**Excerpts from a dataset**
========

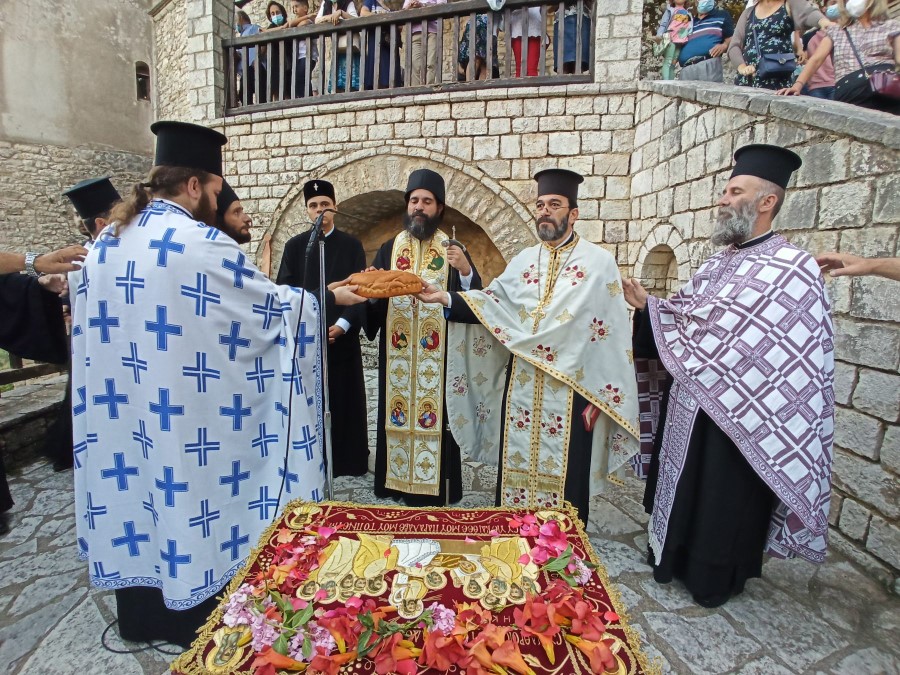 Μονή Παναγίας Πελεκητής: Ένα οδοιπορικό στη “βασίλισσα των Αγράφων”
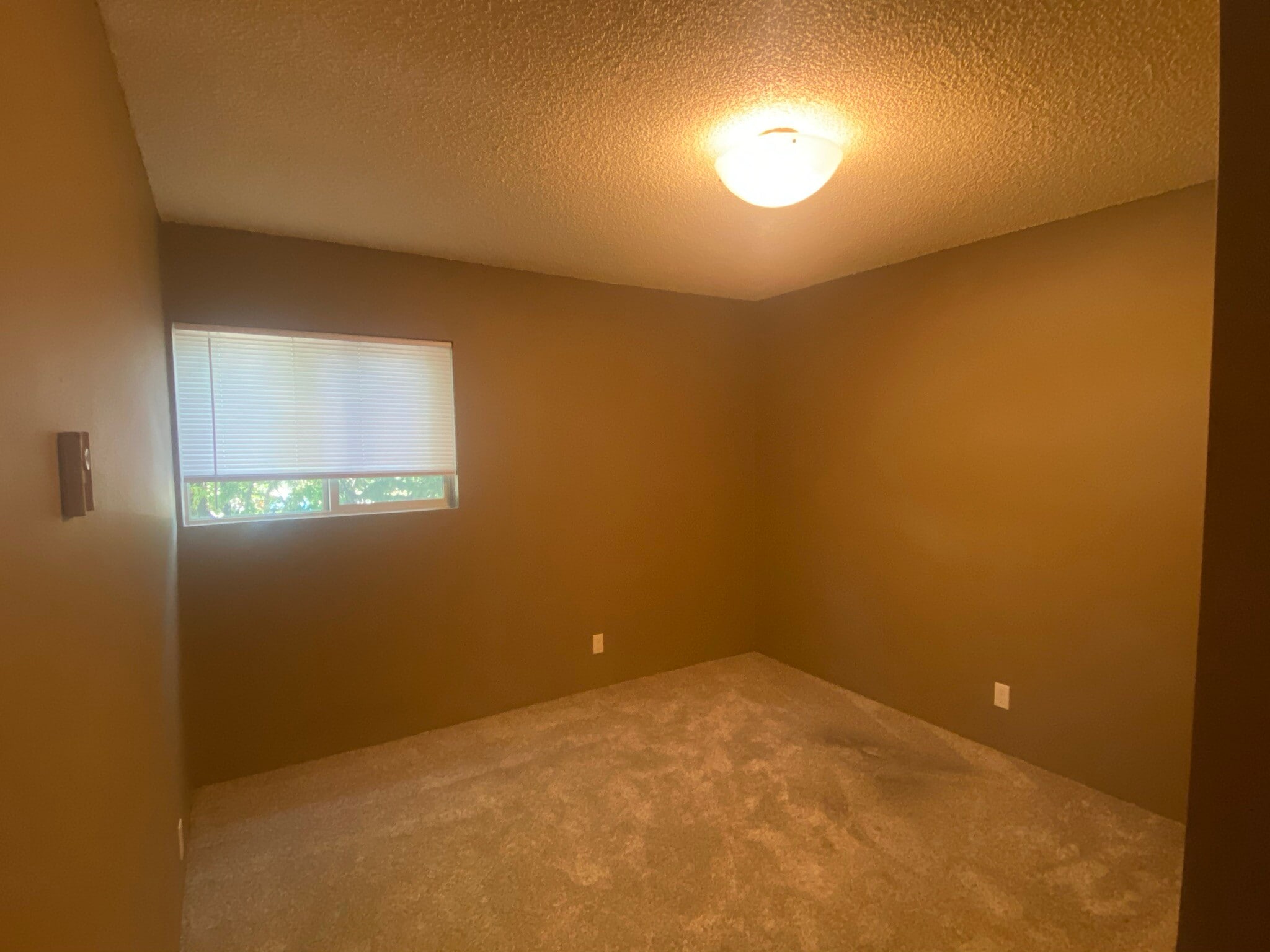 Building Photo - 1220 NW State St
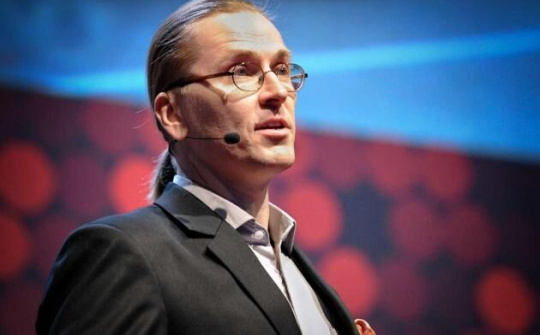 'Huyền thoại' bảo mật thế giới tới VN bàn về an toàn thông tin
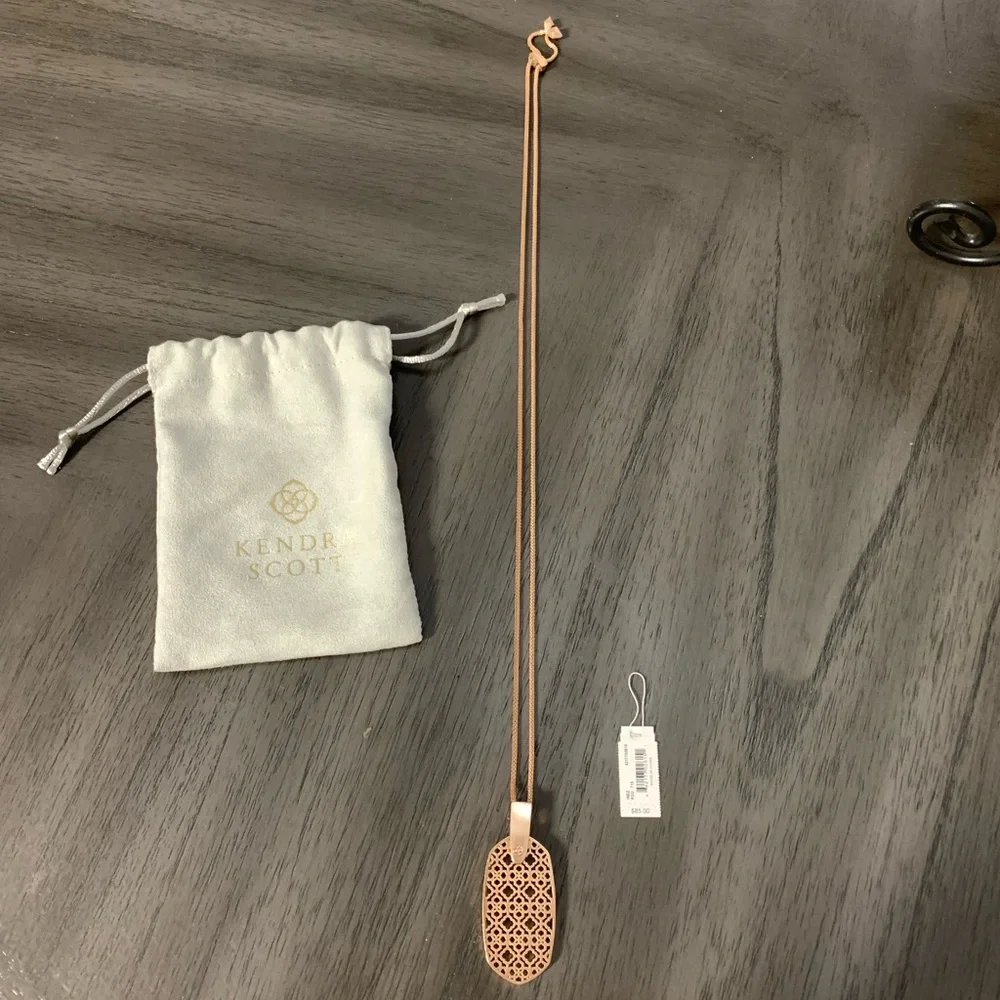 KENDRA SCOTT NWT necklace - Picture 4 of 5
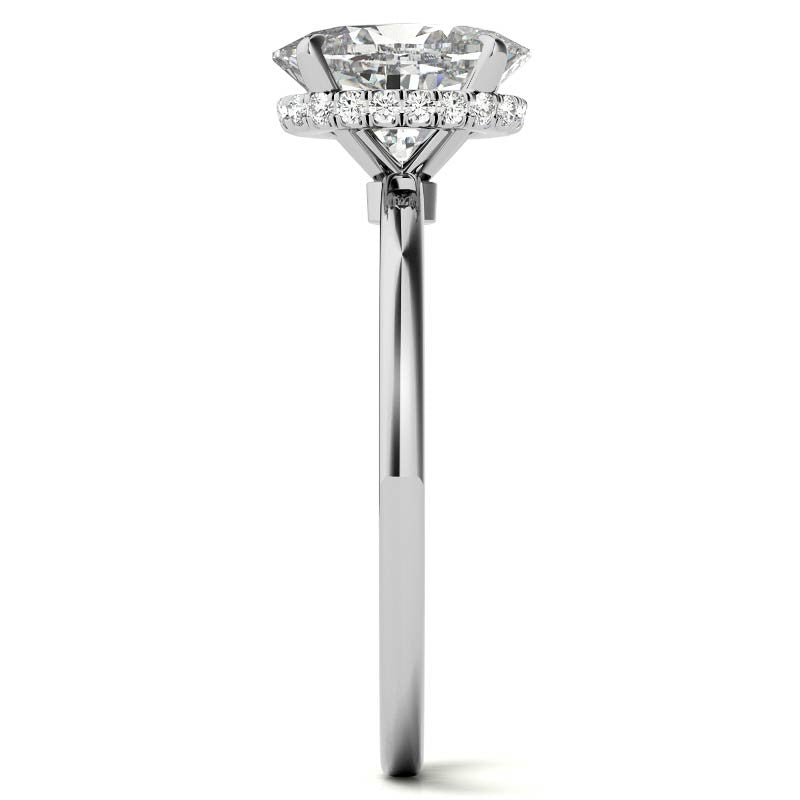 Diamond Collar 4-Prong Oval Moissanite Engagement Ring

========

**What to do**
Reproduce every line above word for word; no images.

**Worked solution**
 Μονή Παναγίας Πελεκητής: Ένα οδοιπορικό στη “βασίλισσα των Αγράφων”
 Building Photo - 1220 NW State St
 'Huyền thoại' bảo mật thế giới tới VN bàn về an toàn thông tin
 KENDRA SCOTT NWT necklace - Picture 4 of 5
 Diamond Collar 4-Prong Oval Moissanite Engagement Ring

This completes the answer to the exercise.